Во многих библиотеках мира доводилось мне заниматься и со многими библиотекарями вступать в общение. Для того, кто в книге находит умолкнувшую речь живого человека, а в тихих стенах библиотеки как бы второй свой дом, незабываемы бывают минуты молчаливых занятий в них, как не забывает человек теплоту родного очага. И в памяти моей ярко стоит высокая и худенькая женщина, с черноволосой, гладко приглаженной итальянской головкой и озабоченными, большими глазами. Итальянцы доверчивы. С ними сразу хочется разговориться, все им рассказать, пожаловаться на неудачи. Так ведь и есть — не ждала многого от Рима, и начинает оно сбываться. Надо было найти для сравнения с ленинградским манускрипт последней оперы Мысливечка «Медонт, король Эпирский» (специально изданное либретто для которой я уже микрофильмировала в Болонье) — и вот, вопреки утверждениям разных итальянских справочников, вопреки библиографии, полученной в Праге и Брно — в основном римском месте, куда свезли музыкальные манускрипты из других римских библиотек, — в архиве библиотеки консерватории св. Цецилии рукописи «Медонта» не оказалось! Не оказалось ее и в архиве театра Арджентина, хранящем лишь новую музыку. А в другом — и последнем месте, в «Казанатензе» — под безымянным названием «партита» сохранился, да и то в неисправном виде, лишь первый акт «Медонта». Разочаровываться было тяжело, и я — словно двадцать лет была с ней знакома — тихонько «скулила» в своем уголке консерваторской библиотеки, жалуясь и рассказывая все подряд милой Эмилии Зенотти…
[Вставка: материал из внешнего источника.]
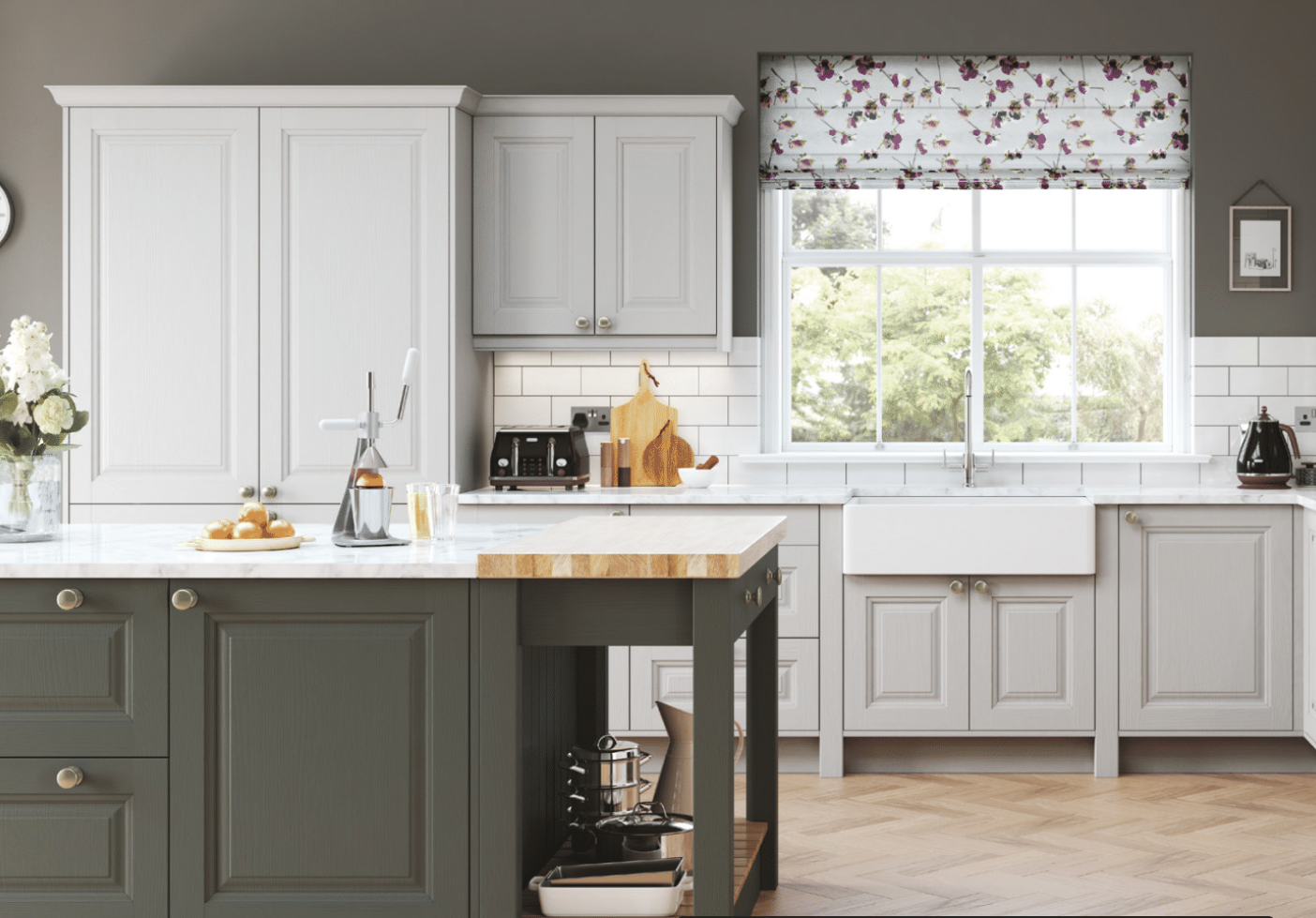 A modern kitchen with white cabinets, a large window with floral Roman shades, a kitchen island with a gray base, and various small appliances and decor.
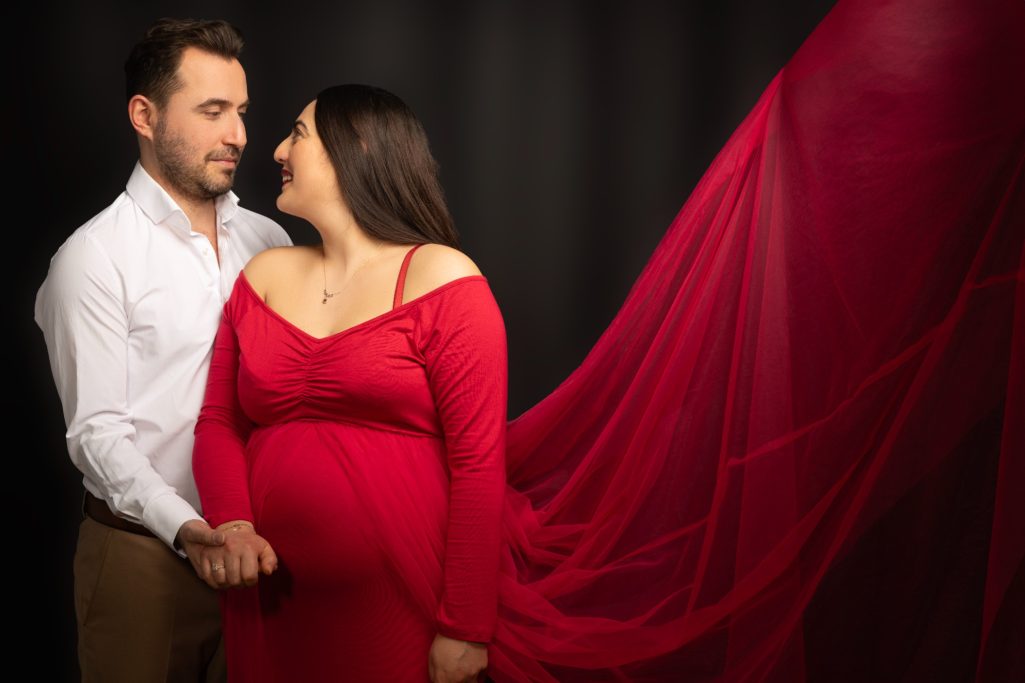 Schwangere Frau in rotem Kleid steht neben einem Mann, beide lächeln sich an.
Знаете, — сказала Эмилия Зенотти, — библиотеки растут и пополняются новыми манускриптами, иногда из частных коллекций. Наше итальянское государство купило в 1928 году коллекцию манускриптов Мануэля де Карвалаэса (Manuel de Garvalhaes) и подарило библиотеке. Каталог ее приведен в порядок библиографом Фишем и названия манускриптов расположены в азбучной последовательности. Вот посмотрите оперную кантату Мысливечка — ее никто еще не видел, она нигде в библиографических списках не значится…
Добрая директриса, конечно, утешала меня, хотела от души утешить. Вздыхая, я довольно сумрачно взглянула на положенный передо мной манускрипт и почти равнодушно, насколько можно влюбленному в музыку Мысливечка быть равнодушным к его рукописям, прочитала на титульном листе:
Il Parnaso Confuso
Del Signor Abbate Pietro Metastasio
Poeta Cesareo
Musica
Del Sig. Giuseppe Misliwecek detto Boemo
(Парнас сконфуженный[39]. Синьора аббата Пьетро Метастазио, императорского поэта. Музыка синьора Джузеппе Мысливечка, названного Богемцем.)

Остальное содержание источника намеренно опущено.